As in “Sex and the City,” the fashion featured in “And Just Like That” is its own storyteller. A dress, a color palette, or an accessory becomes an auxiliary narrator, revealing a character’s state of mind or confidence. As such, glimpsing Seema Patel (Sarita Choudhury) encased in pastel florals and plastic pearls during the second episode of Season 3, “The Rat Race,” was disconcerting.
Next to pals like Carrie (Sarah Jessica Parker), especially in certain moments to be picked apart shortly, Seema radiates chic without fail. Her style is as solid and stark as she is, favoring designer hardware, monochrome outfits and neutrals.
She’s the least likely to compromise her happiness, too. In the view of expert matchmaker Sydney Cherkov (Cheri Oteri, in a magnificent guest spot), that’s why Seema is alone.
“I need you to do everything I ask you to do, starting with . . . how you dress,” Sydney says, before reading what the silver and gold collars, muted lamé fabrics and python prints in Seema’s Instagram photos subliminally communicate to the observer.
“Metallics read cold,” says Sydney, “And animal prints read . . . predator.”
“So what do you want me in? Pastels?” Seema retorts. Miserably, yes.
Sarita Choudhury and Cynthia Nixon in “And Just Like That” (Craig Blankenhorn/Max)
A few scenes later, Seema meets up with a bargain bin Richard Branson at a restaurant. Following “the Sydney Cherkov way,” she wears a lilac blouse that telegraphs meek, demure energy. He takes this as a green light to order for her and talk about himself nonstop.
Seema pretends to listen attentively until neither she nor we can take it anymore. Pulling off her fake pearls, Seema confesses that her clothing isn’t really her and that it makes her feel like “the Easter bunny’s side piece.” Then she fully reverts to herself, informing the guy that she hates the cabernet and “basic” dessert he ordered.
At this, her date smiles broadly. “I actually really admire your honesty,” he coos. “There’s nothing sexier than an honest woman.” This is also a lie. The man excuses himself from the table, never to return – thank God. That leaves Seema free to be her impeccably clad self. Sydney insists Seema’s style will doom her to eternal singledom. From what we’ve seen, that’s a fine way to live in Manhattan.
Seema cosplaying a garden society matron certainly isn’t the worst vision this show has served. Two episodes into the third season of “And Just Like That,” we’ve already survived some of the show’s highest fashion crimes imaginable. There’s that “head in the clouds” gingham catastrophe, Maryam Keyhani’s showstopping $600-and-change confusion that Carrie wore on a stroll with Seema through Washington Square Park in the premiere.

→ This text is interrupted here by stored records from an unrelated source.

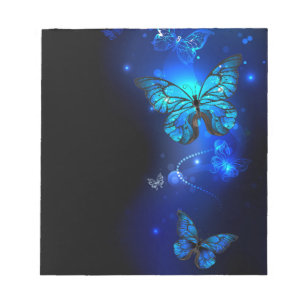 Morpho Butterfly in the Dark Background Notepad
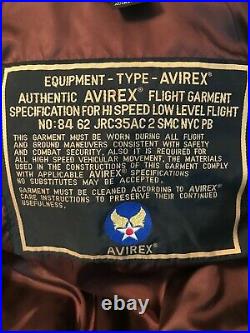 Vintage Avirex Flight Bomber Type A-2 Usaf Dark Brown Leather Jacket Large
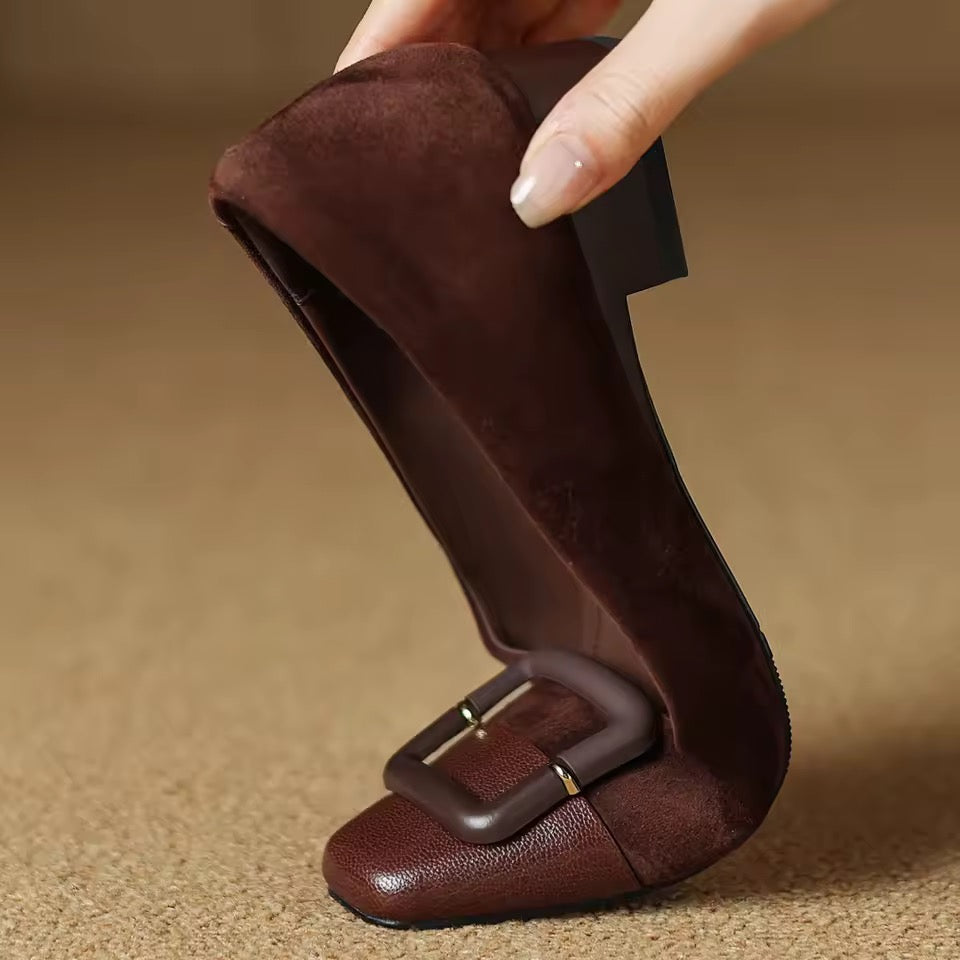 Juliane Brown Leather Patchwork ballet Flats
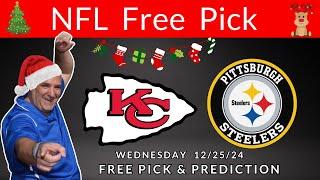 Chiefs vs Steelers - NFL Christmas Day Free Pick  - Wednesday 12/25/24 | Picks And Parlays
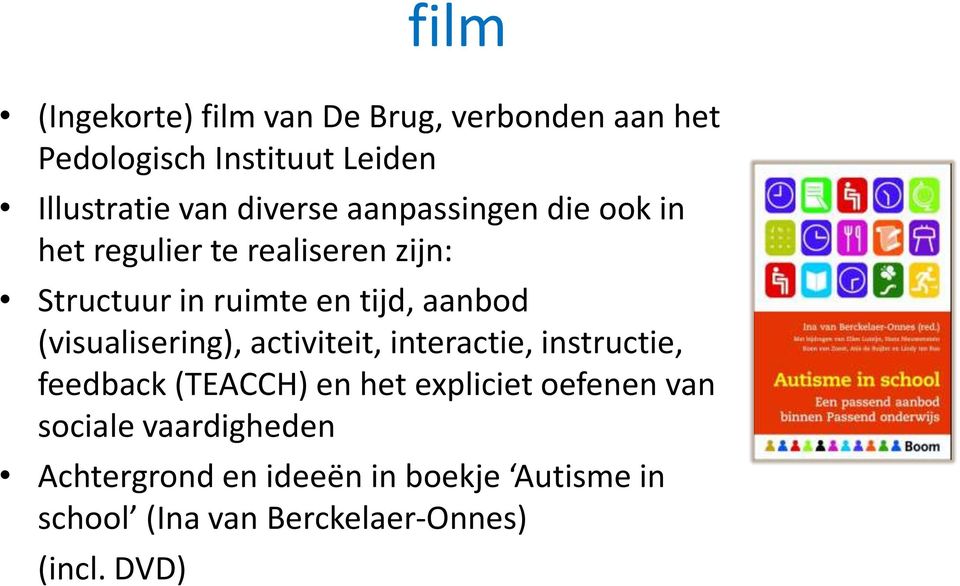 (visualisering), activiteit, interactie, instructie, feedback (TEACCH) en het expliciet oefenen van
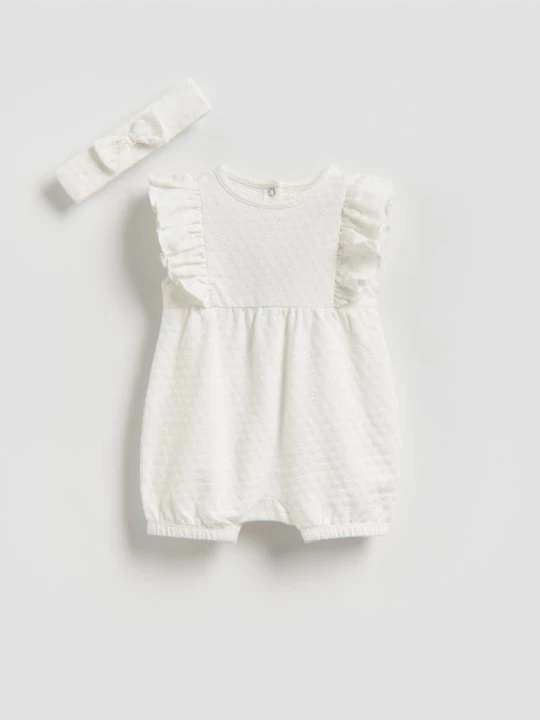 Obrázek produktu Reserved - BABIES` BODY SUIT & HEADBAND - krémová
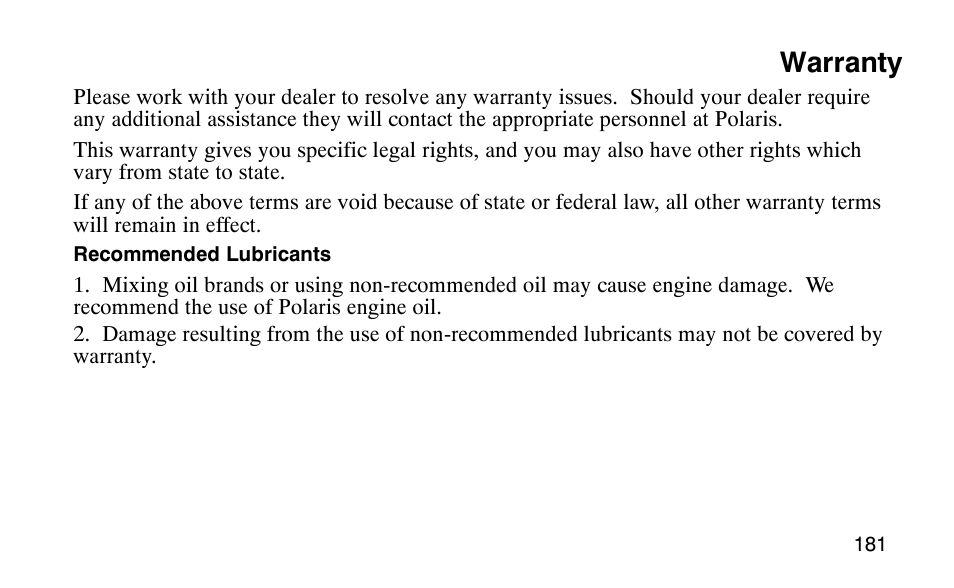 Warranty | Polaris Scrambler 50 User Manual | Page 183 / 186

These choices cross the line dividing baffling and a cry for help. If fashion is a storyteller, what are these eyesores trying to tell us?
Coming in hot at No. 2 in the worst lewks pageant is the neckpiece worn by Nicole Ari Parker’s Lisa Todd Wexley, a chain of rattan spheres resembling a child’s art project. Since LTW and Charlotte (Kristin Davis) send their children to one of Manhattan’s top private schools, it’s possible that one of her kids’ teachers provided supplies from World Market’s needless coffee table centerpiece section.
But even that was merely funny, whereas Carrie’s bonnet made me scream “Why?!” at my TV. I was far from alone. “Carrie and Seema took a walk in the park to discuss Seema’s problems, and not ONE of those problems was, ‘I am currently being seen in public with a woman wearing a ten-gallon hot water bottle on her head,” joked Fug Girl Heather Cocks and Jessica Morgan in a Substack post. “Seema got out that great tote and real grown-up lady clothes, and Carrie looks like she’s cosplaying Holly Hobbie.”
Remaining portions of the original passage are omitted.